Go find a book with an index and flip through it. Seriously, go ahead. I'll wait. Just bask in the lovely indentedness and order of it all.
Now answer me a question: Should Google be calling that huge mass of crawled web data it computes upon an index?
Arguably, it shouldn't, though this is absolutely a lost battle; the word "index" is polysemous and always will be. What Google has is more along the lines of a concordance of the web. What's a concordance, you ask? A list of words in a given corpus of text, along with pointers to where those words are used in the corpus. Way back in the day, compiling concordances to important literature (e.g. religious texts) was considered worthy scholarly work. Today, of course, feeding a text into a computer can yield a concordance in seconds—I'm no great shakes as a programmer, but even I could hack up some concordance software if I had to.
Google's index is a bit more than a straight-up concordance: they do stemming and some n-gram analysis and other fancy-pants tricks. But it is still qualitatively different from a back-of-book index. How? I'll adduce three major differences: human intervention, terminological insularity, and intentional grouping.
There is a standard documenting what an index is for and how to create one. I'm not paying over $250 to own it, but I'll happily give you the gist.
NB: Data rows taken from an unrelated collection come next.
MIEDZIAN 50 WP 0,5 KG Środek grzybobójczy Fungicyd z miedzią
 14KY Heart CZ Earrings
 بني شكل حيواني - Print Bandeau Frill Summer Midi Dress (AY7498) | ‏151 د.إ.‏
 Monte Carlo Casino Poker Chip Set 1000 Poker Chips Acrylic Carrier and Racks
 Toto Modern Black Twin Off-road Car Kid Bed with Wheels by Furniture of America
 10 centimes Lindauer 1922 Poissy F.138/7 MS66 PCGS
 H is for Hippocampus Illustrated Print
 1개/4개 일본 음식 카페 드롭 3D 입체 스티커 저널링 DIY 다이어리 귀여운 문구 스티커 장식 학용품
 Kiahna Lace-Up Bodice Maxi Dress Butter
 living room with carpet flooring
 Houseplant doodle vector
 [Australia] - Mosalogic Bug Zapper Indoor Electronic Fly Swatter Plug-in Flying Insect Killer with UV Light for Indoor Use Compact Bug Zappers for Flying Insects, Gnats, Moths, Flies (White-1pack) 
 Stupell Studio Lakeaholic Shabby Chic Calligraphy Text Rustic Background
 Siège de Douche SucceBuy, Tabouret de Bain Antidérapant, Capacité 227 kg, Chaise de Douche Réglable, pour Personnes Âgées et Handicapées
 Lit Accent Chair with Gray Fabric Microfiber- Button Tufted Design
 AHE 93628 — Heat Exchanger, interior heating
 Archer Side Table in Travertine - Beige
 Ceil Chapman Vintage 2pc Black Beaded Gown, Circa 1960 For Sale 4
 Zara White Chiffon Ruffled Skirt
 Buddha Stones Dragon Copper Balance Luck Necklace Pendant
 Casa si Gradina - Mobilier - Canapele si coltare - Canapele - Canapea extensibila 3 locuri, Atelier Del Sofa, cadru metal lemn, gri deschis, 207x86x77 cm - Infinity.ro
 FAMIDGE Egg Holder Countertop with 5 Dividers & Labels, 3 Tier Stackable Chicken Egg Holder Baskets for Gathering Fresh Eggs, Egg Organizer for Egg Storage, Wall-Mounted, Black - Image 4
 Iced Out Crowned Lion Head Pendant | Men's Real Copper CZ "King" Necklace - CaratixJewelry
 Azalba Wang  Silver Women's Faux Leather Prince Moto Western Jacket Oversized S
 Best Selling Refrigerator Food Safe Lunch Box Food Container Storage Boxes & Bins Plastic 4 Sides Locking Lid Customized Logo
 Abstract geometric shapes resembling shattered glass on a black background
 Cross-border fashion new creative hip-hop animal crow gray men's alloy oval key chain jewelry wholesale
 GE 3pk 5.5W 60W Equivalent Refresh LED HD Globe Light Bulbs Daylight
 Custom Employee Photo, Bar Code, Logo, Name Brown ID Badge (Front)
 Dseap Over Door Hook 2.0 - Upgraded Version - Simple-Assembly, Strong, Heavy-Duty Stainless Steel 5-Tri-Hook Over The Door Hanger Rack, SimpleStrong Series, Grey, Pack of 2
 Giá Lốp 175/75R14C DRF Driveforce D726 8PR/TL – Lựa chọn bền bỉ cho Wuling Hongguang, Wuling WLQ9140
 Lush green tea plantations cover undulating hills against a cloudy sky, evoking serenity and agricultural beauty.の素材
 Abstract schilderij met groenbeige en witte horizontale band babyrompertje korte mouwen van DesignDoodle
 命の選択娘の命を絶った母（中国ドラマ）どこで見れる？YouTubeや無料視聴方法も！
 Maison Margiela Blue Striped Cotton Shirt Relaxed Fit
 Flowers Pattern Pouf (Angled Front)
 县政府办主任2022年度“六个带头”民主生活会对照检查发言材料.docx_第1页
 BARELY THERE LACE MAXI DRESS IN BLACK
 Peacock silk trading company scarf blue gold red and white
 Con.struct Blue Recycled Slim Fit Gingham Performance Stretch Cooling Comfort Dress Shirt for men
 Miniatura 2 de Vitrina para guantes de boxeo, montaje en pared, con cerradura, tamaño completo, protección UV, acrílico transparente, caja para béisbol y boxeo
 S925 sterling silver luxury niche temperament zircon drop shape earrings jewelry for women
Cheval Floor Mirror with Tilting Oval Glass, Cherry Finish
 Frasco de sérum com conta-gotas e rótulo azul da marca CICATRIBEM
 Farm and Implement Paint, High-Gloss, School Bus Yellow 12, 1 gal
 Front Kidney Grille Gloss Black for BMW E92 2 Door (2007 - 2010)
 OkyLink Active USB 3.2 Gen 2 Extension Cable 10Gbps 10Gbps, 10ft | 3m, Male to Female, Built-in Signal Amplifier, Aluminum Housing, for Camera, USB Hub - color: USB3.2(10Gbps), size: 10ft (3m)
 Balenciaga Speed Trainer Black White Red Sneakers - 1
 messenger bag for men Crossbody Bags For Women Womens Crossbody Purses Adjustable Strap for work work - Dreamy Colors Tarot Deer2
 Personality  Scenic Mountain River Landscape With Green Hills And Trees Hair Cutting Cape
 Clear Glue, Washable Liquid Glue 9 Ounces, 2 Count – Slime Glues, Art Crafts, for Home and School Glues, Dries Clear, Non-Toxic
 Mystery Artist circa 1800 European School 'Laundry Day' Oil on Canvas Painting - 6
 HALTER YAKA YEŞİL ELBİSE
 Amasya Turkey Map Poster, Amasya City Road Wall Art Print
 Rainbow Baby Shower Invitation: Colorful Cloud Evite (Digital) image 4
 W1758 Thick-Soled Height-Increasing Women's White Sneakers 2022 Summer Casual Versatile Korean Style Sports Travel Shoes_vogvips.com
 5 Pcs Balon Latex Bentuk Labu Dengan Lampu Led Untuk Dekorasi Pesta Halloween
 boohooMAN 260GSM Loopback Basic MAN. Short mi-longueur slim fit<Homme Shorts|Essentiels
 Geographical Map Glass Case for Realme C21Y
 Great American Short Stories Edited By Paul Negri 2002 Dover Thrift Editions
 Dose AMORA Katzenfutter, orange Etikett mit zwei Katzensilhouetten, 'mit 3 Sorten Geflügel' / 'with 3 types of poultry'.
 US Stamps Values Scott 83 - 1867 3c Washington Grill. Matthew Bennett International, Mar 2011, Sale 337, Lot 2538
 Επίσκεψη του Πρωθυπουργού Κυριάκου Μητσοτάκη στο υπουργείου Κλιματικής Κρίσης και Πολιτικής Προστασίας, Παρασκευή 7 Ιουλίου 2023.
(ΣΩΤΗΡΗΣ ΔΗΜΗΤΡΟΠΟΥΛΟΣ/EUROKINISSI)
An indexer presented with a book reads it at least twice, with concentrated attention. She is looking for concepts that the book treats usefully and/or in some depth, because an index containing every passing mention of everything is usually useless to someone asking "does this book have useful, original information on topic X?"
(I did say "usually." Sometimes a topic is so terribly remote or abstruse that even the slightest mention is useful. That's when a concordance can be superior to an index. Google Books is a godsend to lovers of minutiae.)
Please note that I said concepts, not "words" or even "phrases." A recurring problem in information management is that human language is truly annoying about using different words for the same thing, in various sorts of ways that this post is already too long to discuss in depth. Suffice to say that part of the indexer's job is to tease out concepts in the text that aren't necessarily labeled consistently or even labeled at all. A text on web design may never actually use the word "usability," for example, but that doesn't mean it has nothing to say about the subject! A good indexer will work that out.
So how does an indexer label the concepts she finds? Well, ideally, the text has done that for her; that's why an index is more insular than Google, which makes considerable use of other people's labels for web pages insofar as those are discoverable through links. (That's what Googlebombing is all about, of course.) The indexer is not slavishly bound to the text's language, however. She is allowed to take into account the text's readers, and (what she believes to be) their language use.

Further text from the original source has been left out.